The constant selection pressure from uncounted eons of coevolution between viruses and hosts has crafted virally derived anti-immune molecules of exquisite selectivity and potency. In many cases, viruses have evolved immunoregulators that no longer comply with the regulatory pressures of the host, thus endowing these molecules with highly specific anti-immune properties. Unlike the situation with commercial pharmaceuticals, viruses do not generally exploit immunomodulatory reagents that require high concentration to effectively perturb their intended immune pathways. Rather, viruses have evolved to express immunomodulators that are frequently delivered transiently at exceedingly low dosages (femtomolar to nanomolar) within a selected microenvironment of the infected tissues. Only rarely do viruses globally suppress immune responses of the host, and generally, this is only with viruses that replicate to very high titers in the blood or lymphatic system (10, 11, 12, 13). In fact, the specific virus-encoded immunomodulators that have been examined to date require extremely low treatment dosages to regulate their target immune or inflammatory pathways without inducing generalized immunosuppression or promoting supervening infections. This combination of high potency and highly specific biochemical targeting provides a powerful platform with which to develop next-generation drugs based on viral protein immunomodulators to treat diseases based on excessive inflammation or hyperactive immune reactions (14, 15, 16, 17, 18, 19).

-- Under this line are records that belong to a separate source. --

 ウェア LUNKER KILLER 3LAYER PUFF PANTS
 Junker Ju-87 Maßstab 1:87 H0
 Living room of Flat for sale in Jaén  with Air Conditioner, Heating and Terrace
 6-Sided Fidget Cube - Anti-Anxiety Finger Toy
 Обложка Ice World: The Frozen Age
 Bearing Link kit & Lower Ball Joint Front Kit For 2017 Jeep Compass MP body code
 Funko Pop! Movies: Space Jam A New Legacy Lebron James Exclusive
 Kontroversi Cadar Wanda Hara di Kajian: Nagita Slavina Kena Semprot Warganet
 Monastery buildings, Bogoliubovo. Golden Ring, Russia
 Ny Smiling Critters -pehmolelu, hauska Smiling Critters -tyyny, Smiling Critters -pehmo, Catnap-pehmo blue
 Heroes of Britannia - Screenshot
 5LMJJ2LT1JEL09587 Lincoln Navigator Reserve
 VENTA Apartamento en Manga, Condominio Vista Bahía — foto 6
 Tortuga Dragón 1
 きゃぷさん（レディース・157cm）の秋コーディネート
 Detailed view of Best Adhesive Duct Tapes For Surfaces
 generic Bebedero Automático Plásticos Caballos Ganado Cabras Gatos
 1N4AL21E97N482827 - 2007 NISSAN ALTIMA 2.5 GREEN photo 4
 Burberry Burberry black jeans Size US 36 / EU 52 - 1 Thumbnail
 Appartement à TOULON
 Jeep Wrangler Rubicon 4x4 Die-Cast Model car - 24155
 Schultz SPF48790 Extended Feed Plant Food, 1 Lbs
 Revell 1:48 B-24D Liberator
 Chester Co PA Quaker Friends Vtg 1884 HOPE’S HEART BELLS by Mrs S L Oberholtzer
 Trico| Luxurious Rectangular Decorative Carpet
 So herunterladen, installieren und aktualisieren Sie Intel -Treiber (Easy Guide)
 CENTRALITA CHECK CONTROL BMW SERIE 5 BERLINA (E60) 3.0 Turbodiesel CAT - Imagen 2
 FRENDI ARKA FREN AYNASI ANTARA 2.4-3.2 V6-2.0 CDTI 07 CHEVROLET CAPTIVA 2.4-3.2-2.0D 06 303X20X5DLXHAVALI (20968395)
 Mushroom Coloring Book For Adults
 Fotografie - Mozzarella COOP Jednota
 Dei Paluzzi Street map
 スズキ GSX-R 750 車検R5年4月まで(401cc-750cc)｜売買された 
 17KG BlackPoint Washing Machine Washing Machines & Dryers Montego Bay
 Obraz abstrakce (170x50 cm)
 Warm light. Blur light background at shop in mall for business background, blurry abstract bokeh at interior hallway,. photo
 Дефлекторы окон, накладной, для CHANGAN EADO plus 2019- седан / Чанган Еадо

In this review, we focus on virus-encoded immunoregulators that are secreted from infected cells and target specific pathways that regulate host immune or inflammatory responses (Fig. 1). In particular, we discuss in greater depth those virus-encoded immunomodulators that have been tested individually, in the absence of virus infection, and examined as therapeutic reagents in models of diseases associated with excessive inflammatory or immune responses (Table I). Finally, we consider the technical and regulatory challenges of using virus-derived proteins with anti-inflammatory or anti-immune properties for treatment of human diseases, and the prospects for mining the virus ecosphere for future immunomodulatory candidates.

FIGURE 1.

Major classes of virus-encoded secreted immunomodulators.

FIGURE 1.

Major classes of virus-encoded secreted immunomodulators.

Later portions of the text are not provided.